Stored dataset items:
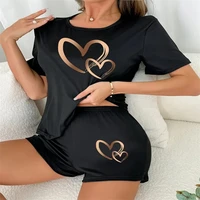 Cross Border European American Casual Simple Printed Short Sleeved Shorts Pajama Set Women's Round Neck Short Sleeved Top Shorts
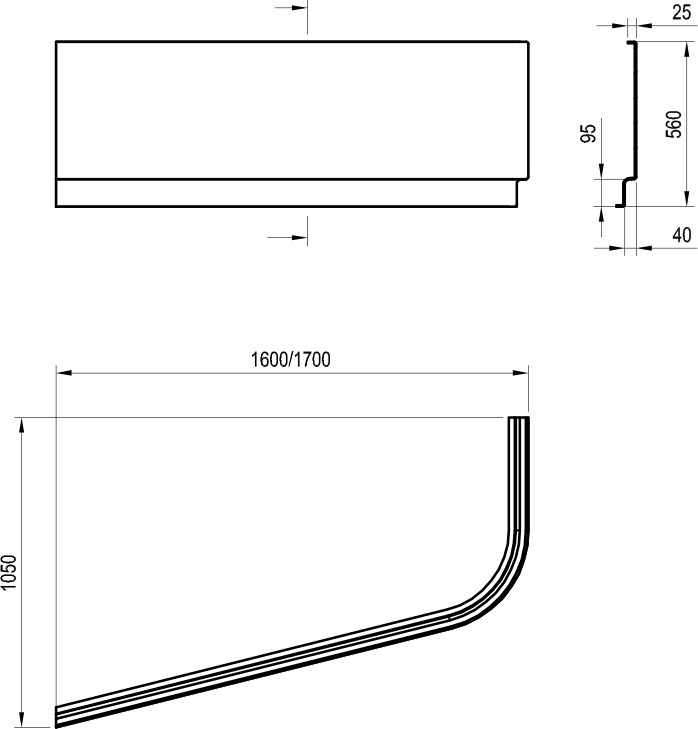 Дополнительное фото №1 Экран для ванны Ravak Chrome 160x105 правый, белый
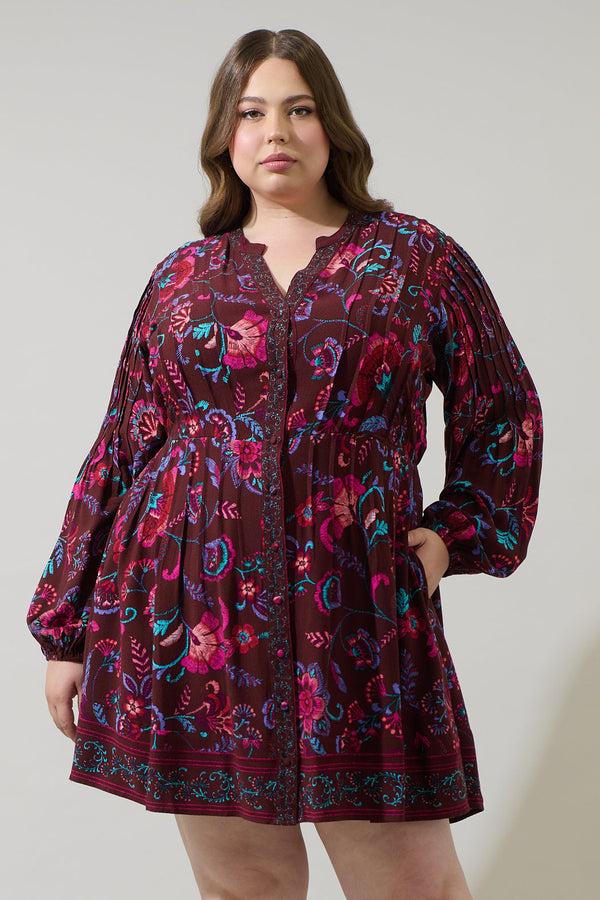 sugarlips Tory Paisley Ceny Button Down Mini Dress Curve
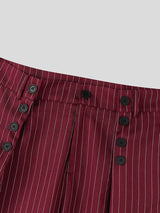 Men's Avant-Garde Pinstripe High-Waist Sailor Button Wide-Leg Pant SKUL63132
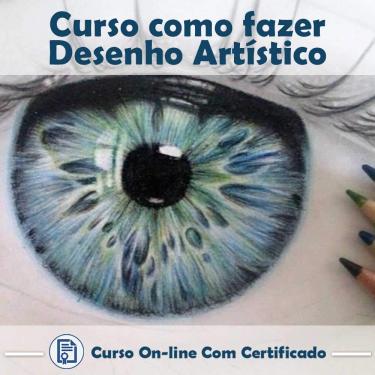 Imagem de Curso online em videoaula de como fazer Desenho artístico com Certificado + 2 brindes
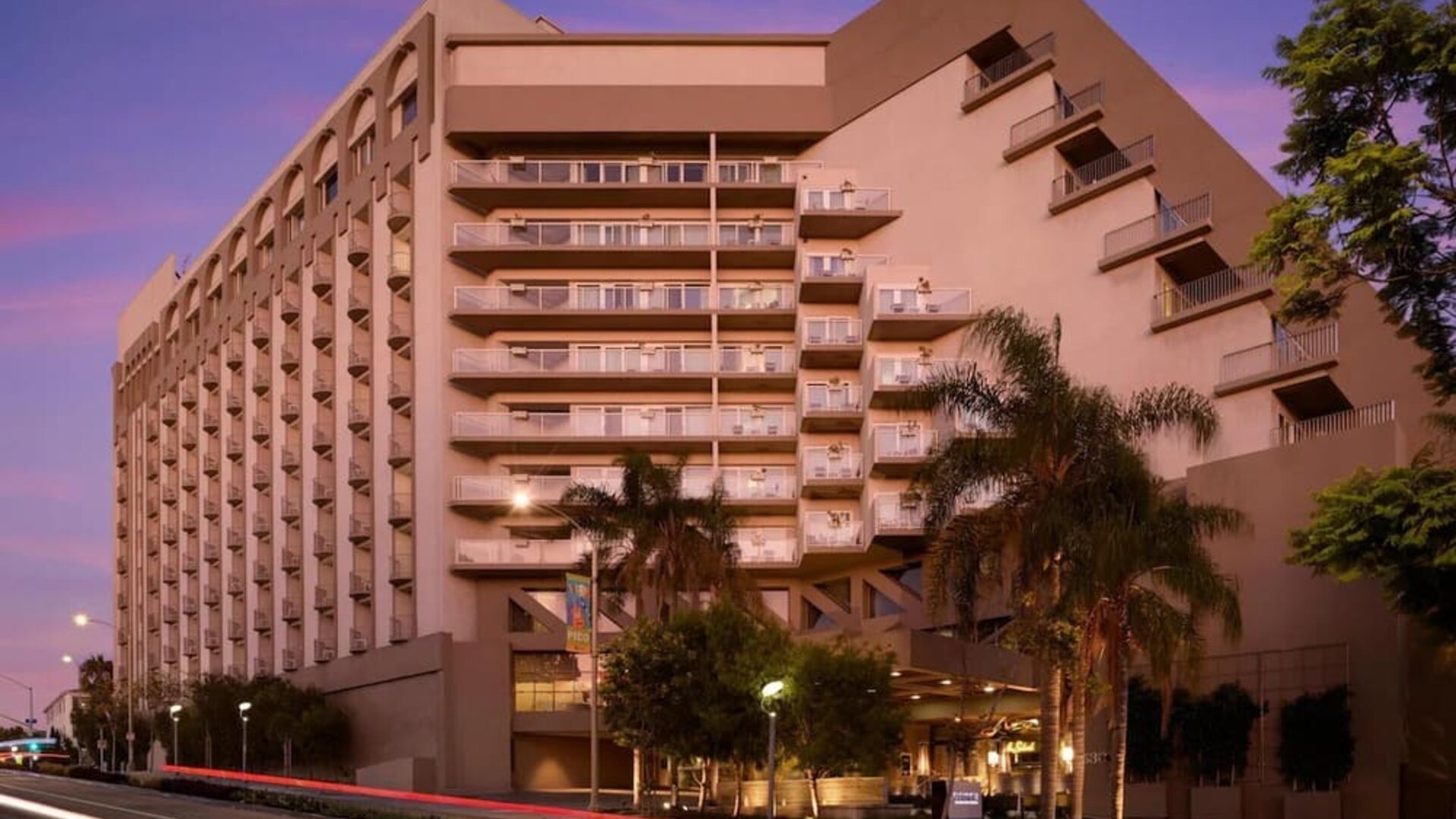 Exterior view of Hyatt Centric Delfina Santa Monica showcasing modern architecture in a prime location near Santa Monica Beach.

● **WHAT IS EXPECTED**
Omit every picture, then repeat the remaining data exactly as it appears above.

● **REPLY TO THE TASK**
 Cross Border European American Casual Simple Printed Short Sleeved Shorts Pajama Set Women's Round Neck Short Sleeved Top Shorts
 Дополнительное фото №1 Экран для ванны Ravak Chrome 160x105 правый, белый
 sugarlips Tory Paisley Ceny Button Down Mini Dress Curve
 Men's Avant-Garde Pinstripe High-Waist Sailor Button Wide-Leg Pant SKUL63132
 Imagem de Curso online em videoaula de como fazer Desenho artístico com Certificado + 2 brindes
 Exterior view of Hyatt Centric Delfina Santa Monica showcasing modern architecture in a prime location near Santa Monica Beach.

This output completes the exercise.